The House with a Cellar #guestpost from Anne Goodwin @annecdotist @inspiredquill

Anne Goodwin

Today I’m joined my Anne Goodwin whose latest novel, Underneath, was published on 25th May and she has written about the cellar which is an important setting in the book. You’ll find lots of information about Anne below but first here’s a bit about the book.

Underneath

He never intended to be a jailer …

After years of travelling, responsible to no-one but himself, Steve has resolved to settle down. He gets a job, buys a house and persuades Liesel to move in with him.

Life’s perfect, until Liesel delivers her ultimatum: if he won’t agree to start a family, she’ll have to leave. He can’t bear to lose her, but how can he face the prospect of fatherhood when he has no idea what being a father means? If he could somehow make her stay, he wouldn’t have to choose … and it would be a shame not to make use of the cellar.

Will this be the solution to his problems, or the catalyst for his own unravelling?

Purchase links

Published internationally 25th May 2017 in e-book and paperback

Amazon UK https://www.amazon.co.uk/dp/B06X9VN6CD

Amazon USA https://www.amazon.com/dp/B06X9VN6CD/

Buy in paperback directly from the publisher

http://www.inspired-quill.com/product/underneath/

The house with a cellar and the dual meaning of Underneath

Having had an extremely positive experience of working with an editor to improve my first novel, Sugar and Snails, I was looking forward to seeing what Sara Slack would have to say about my second, Underneath. So I was somewhat nonplussed by early feedback that she couldn’t picture the cellar in which my narrator, Steve, keeps a woman captive for several months. How could I have failed to describe it clearly when I’d given it so much thought? How could I have muddled myself when I’d based it on a real cellar in a real house I’d visited many times?

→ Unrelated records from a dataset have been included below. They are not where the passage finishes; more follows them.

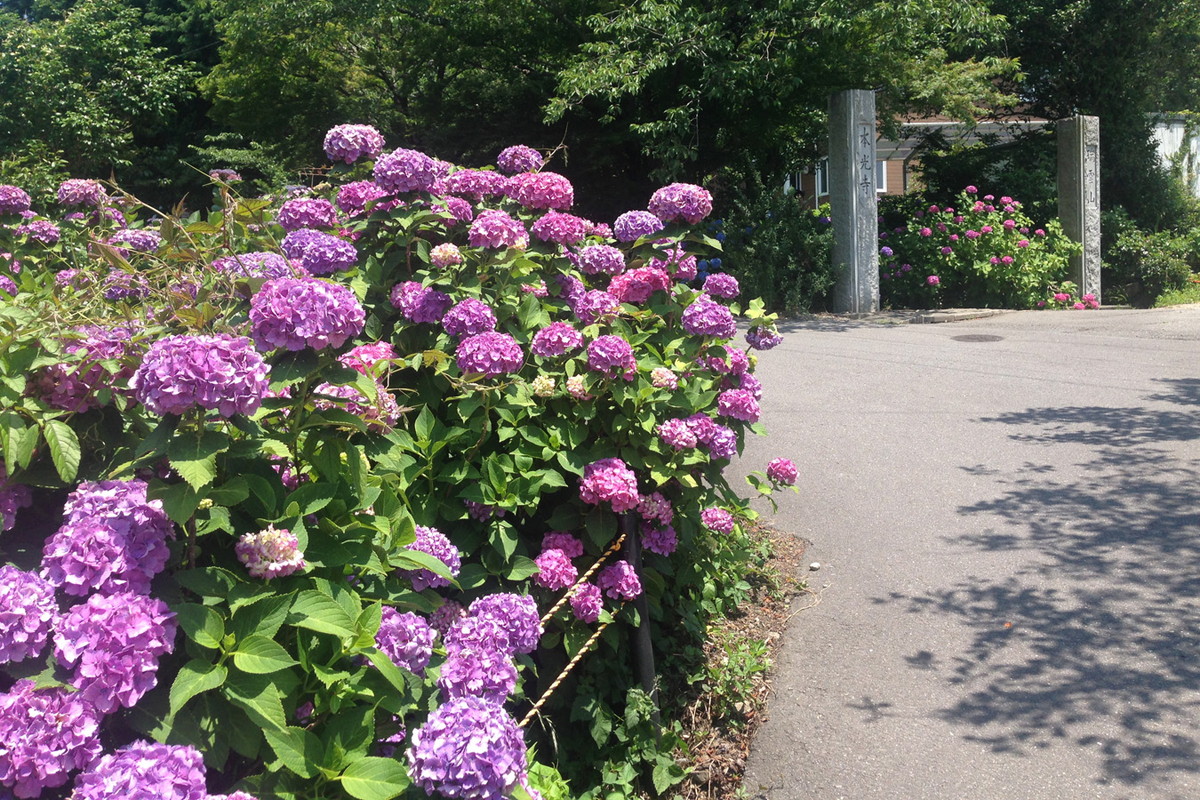 本光寺紫阳花节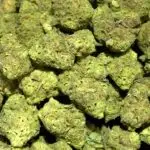 Prohibition Glue Smalls THCa Flower Hybrid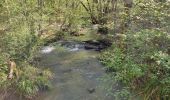 Randonnée Marche Peyrignac - boucle de la nuelle  - Photo 5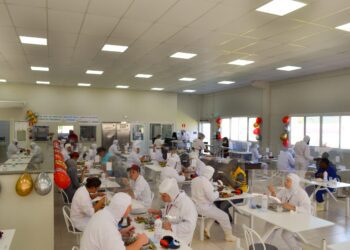 Um ano de abate e surpresa aos funcionários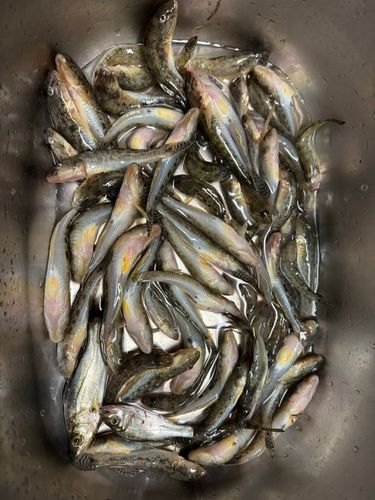 ハゼの釣果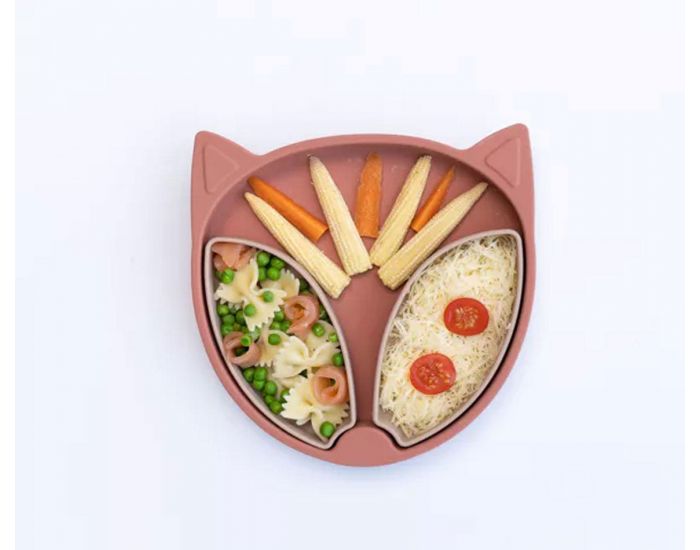 TIDY TOT Assiette � Compartiments Ventous�e - en Silicone  (1)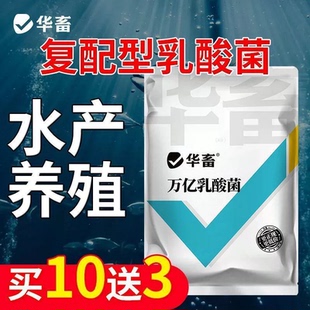 华畜万亿乳酸菌水产养殖专用复合芽孢杆菌原菌种虾蟹鱼用益生菌粉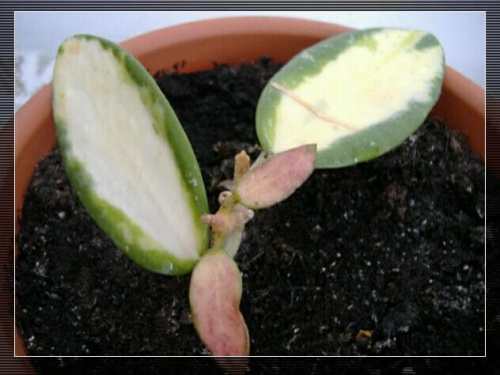 Hoya Parasitica Variegata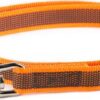 Korte lijn hond - Antislip - 20mm - Zonder handvat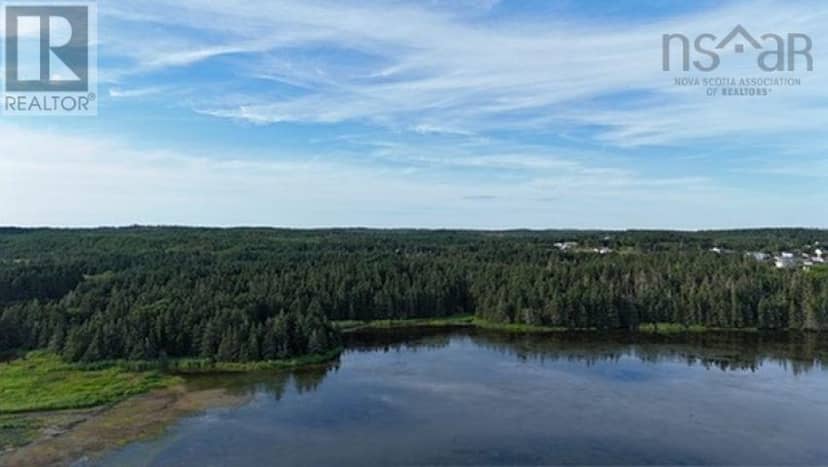 Lot 1-2 Highway 247 — photo 13 of 30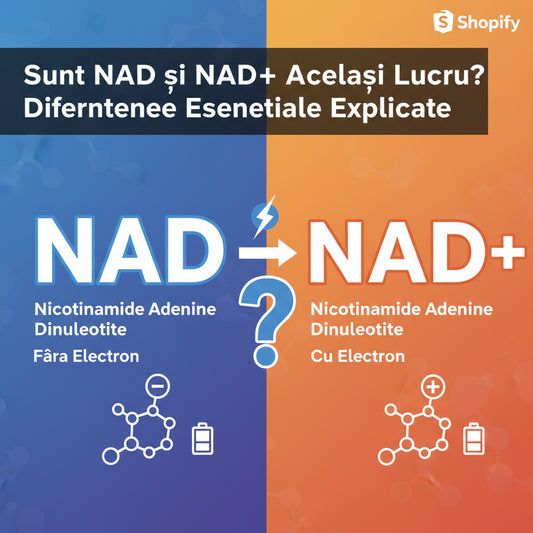 Sunt NAD și NAD+ Același Lucru? Diferențele Esențiale Explicate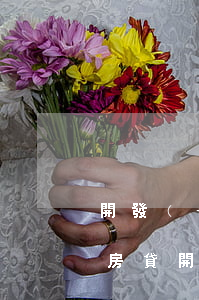 開發(fā)商起訴業(yè)主逾期拖欠房貸(開發(fā)商起訴業(yè)主逾期拖欠房貸)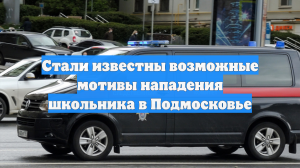 Стали известны возможные мотивы нападения школьника в Подмосковье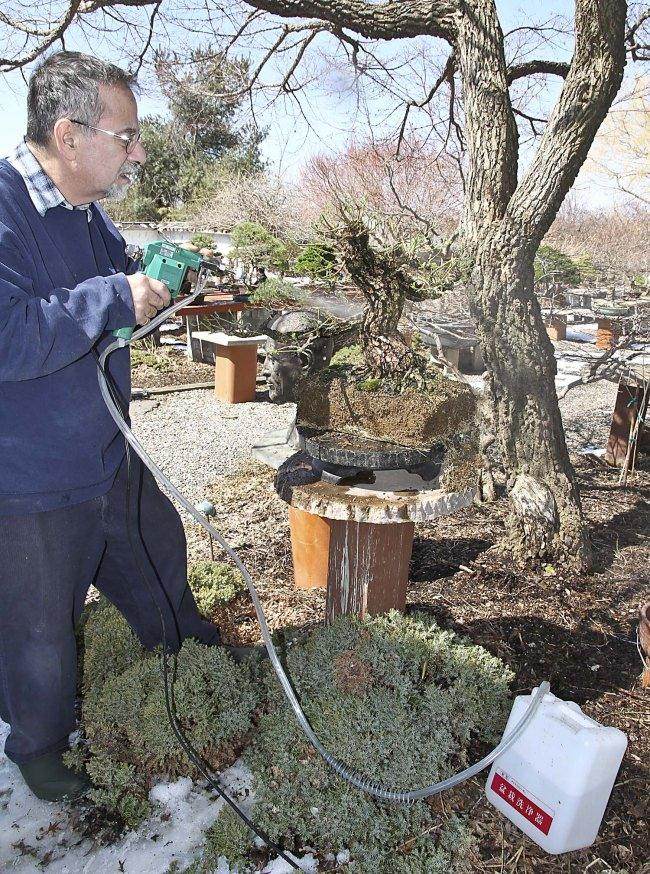 图解 盆景怎样翻盘移栽的过程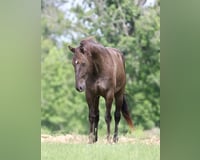 preview pic
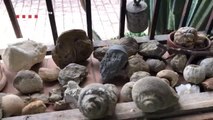 Detenido un hombre por expoliar centenares de fósiles y restos prehistóricos de yacimientos protegidos en Cataluña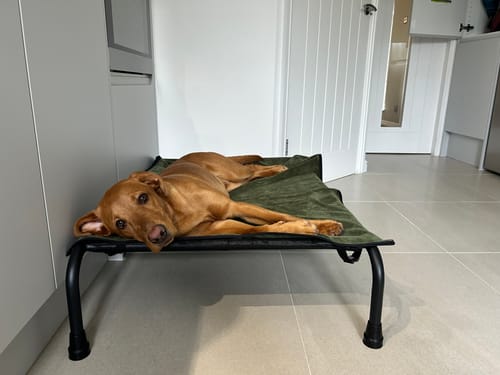 Customer photo review of HiK9 Bed with Black Mesh Cover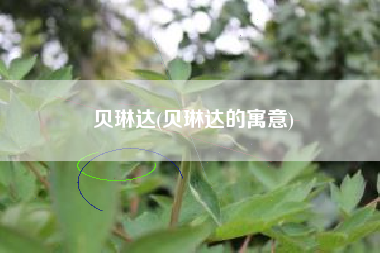 贝琳达(贝琳达的寓意)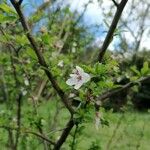 Prunus tomentosa Fiore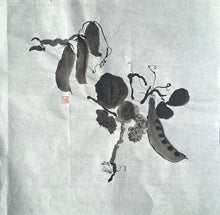 Chinese Ink Painting 'Peas' - Origional Art Work - Saw Framed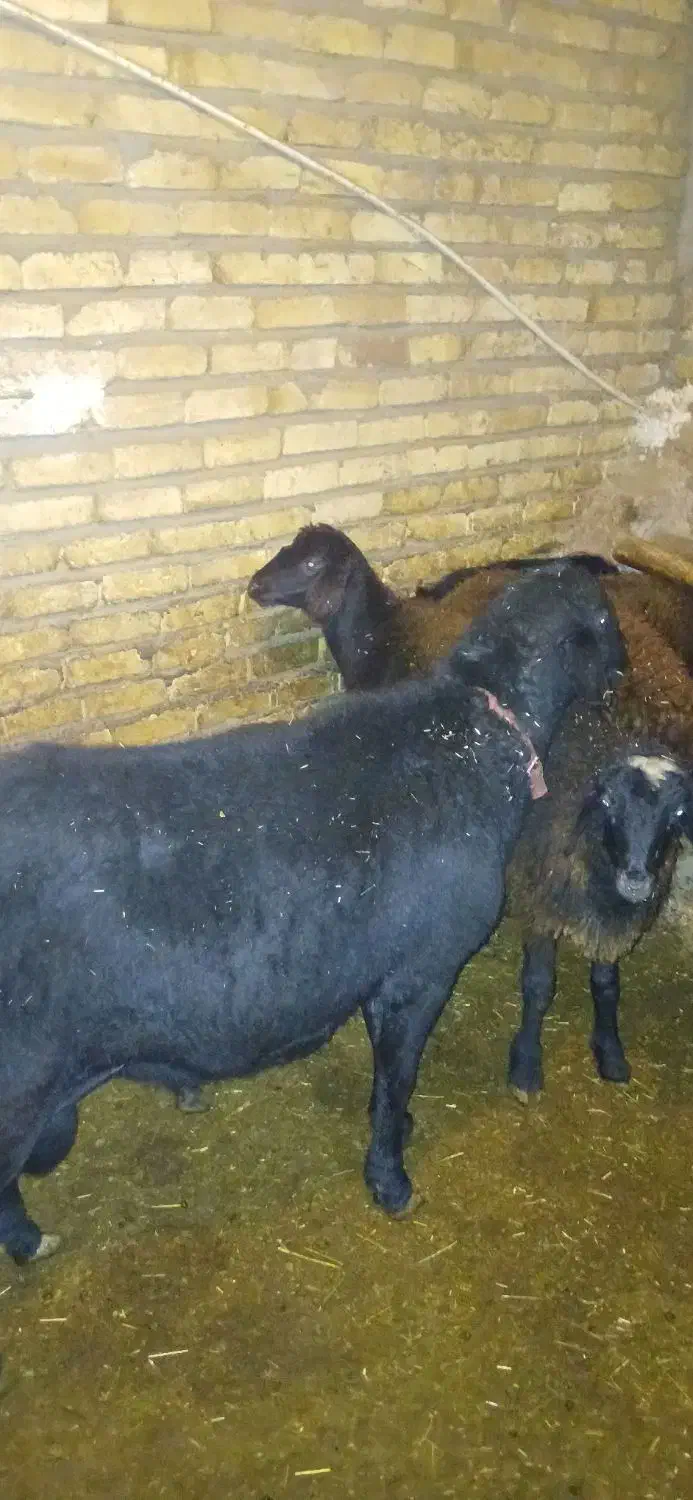 قوچ قره قول اصل|حیوانات مزرعه|حلب, |دیوار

When, after toying with constructing a cardboard model and some tinkering with the text, she remained unconvinced, I wondered if it would have been easier for Steve, like Rochester in Jane Eyre, to use an attic as a lock-up. But that wouldn’t do for a novel concerned not only with the practicalities of incarcerating a woman in an ordinary house but also with what lies at the bottom of the main character’s psyche. As Sanjida Kay, author of Bone by Bone and The Stolen Child has said, Underneath is a “dark and disturbing tale of a man who appears ordinary on the surface, but is deeply damaged”. An attic would be overly cerebral.

Eventually, we identified the source of the confusion. My Collins dictionary defines a cellar as “an underground room, or storey of a building, usually used for storage” but room does not mean the same as storey. As the novel’s opening should (now) make clear, the unfortunate woman is incarcerated in a room in the lower storey of the house. Sometimes knowing your setting well can lead to unwarranted assumptions. But it’s always preferable to befuddle your editor rather than your reader.

As I descend the concrete staircase, I can’t see my feet for the cardboard box I’m cradling in my arms. Nudging the banister with my elbow for balance, I duck to avoid the underbelly of the main staircase and catch a whiff of chocolate sponge filtered through the fragrance of your freshly laundered clothes.

The stairs shunt left and left again. I count the last three steps beneath my breath. A short walk down the corridor and I’m setting down the provisions on the chequerboard lino alongside the panelled door.

I put my eye to the peephole and flick the switch on the wall. Inside the room, the ceiling light beams on the grass-green carpet dotted with daisies and on the three hundred and sixty degree mural in fiery sunrise hues. It picks out the lidded bucket in the far corner and, directly opposite the door, the double mattress marooned in a sea of discarded food packaging and dirty underwear. It traces the curve of your back where you lie beneath the duvet.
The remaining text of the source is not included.